Input data START

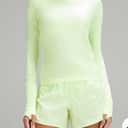 Lululemon Swiftly Tech Long Sleeve Photo 0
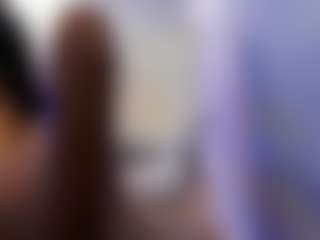 akura011's Live Sex Cam Show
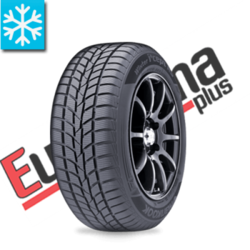 165/65 R13 HANKOOK W442 WINTER I*CEPT RS 77 T (D) (C) (71)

Input data END

## About this exercise
From the line containing "akura011's Live Sex Cam Show" down to the last line of the data above, transcribe exactly those lines and no others; omit the pictures.

## Solved exercise
 akura011's Live Sex Cam Show
 165/65 R13 HANKOOK W442 WINTER I*CEPT RS 77 T (D) (C) (71)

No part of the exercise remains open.